Senior Melanie Villarreal graduates from NASA’s High School Aerospace Scholars Program


Photo By: Photo provided by Melanie Villarreal.

Senior Melanie Villarreal looks through a display case at NASA’s Johnson Space Center in Houston. She is leading efforts on campus to get others to participate in the program next year.

When asked about summer break, students typically plan to go on vacation or sleep in late.

But for senior Melanie Villarreal, her plans were very different this past summer. Instead of sleeping in late, Villarreal had the honor of being a part of the “High School Aerospace Scholars,” an exclusive NASA Summer Camp. 

In the summer before her junior year, Villarreal saw NASA’s Instagram story about the camp and decided to apply, not knowing if she would make it, but determined to try. 

“There’s a four-month online program every day from October to February. If you pass that with a good grade, you get into the on-site experience, which is a week, everything’s free. I got a 99.8, so I got in,” Villarreal said.

When she got to the camp that next summer, along with nearly 40 other students, everyone was split into teams in which they would compete for the rest of the week. 

“About 40 kids attended,” Villarreal said. “There were about ten kids in each group and four groups in total: Alta, Bravo, Charge, and Delta, which was my group.”

Senior Melanie Villarreal

The groups were charged with designing a mission to Mars that would be judged on overall success at the end of the week. 

“It was like an overall mission to Mars,” Villarreal said. “So the rockets were for Mars, the helmets were for Mars, everything was for Mars.”

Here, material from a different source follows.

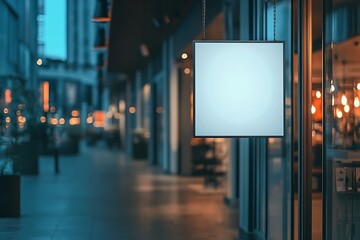 Leinwandbilder - Blank Square Sign Hanging on Building Facade at Night Empty White Billboard Mockup for Shop Advertisement : Generative AI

Each group was led on their mission by a student, voted for by the members of each team based on grades and experience. Villarreal was chosen for her group.

“I was an engineering leader for Delta,” Villarreal said. “Everybody on my team chose me because I had experience building rockets and had the highest grade.”

Though Villarreal already knew a lot about engineering, this camp taught her even more.

“I knew I could do engineering, but not like over people,”  Villarreal said. “And I had never learned 3D design before, so you have to do the 3D design and then actually do it manually, so I learned how to do it. But I was mainly building it. I put other people to like design it because I’m not good at it.”

One requirement for this camp was an affinity for STEM programs, something Villarreal has possessed for a long time and plans to use for the rest of her life. 

“Since my sophomore year, I knew I wanted to do NASA and then seeing this was a big opportunity for me,” Villarreal said. “I want to go to Texas A&M University and major in Aerospace Engineering.”

For Villarreal, this whole experience was enlightening and she wishes more people would get involved with the program. 

“Right now, I’m talking to Mr. Howard, the astronomy teacher. We want to get juniors more involved with this program,” Villarreal said. 

The High School Aerospace Scholars program is now accepting applications and the online coursework begins soon. For any juniors looking to participate in this program, there will be an interest meeting on October 3 at 4:30 p.m. in G115 with Mr.Howard and Villarreal.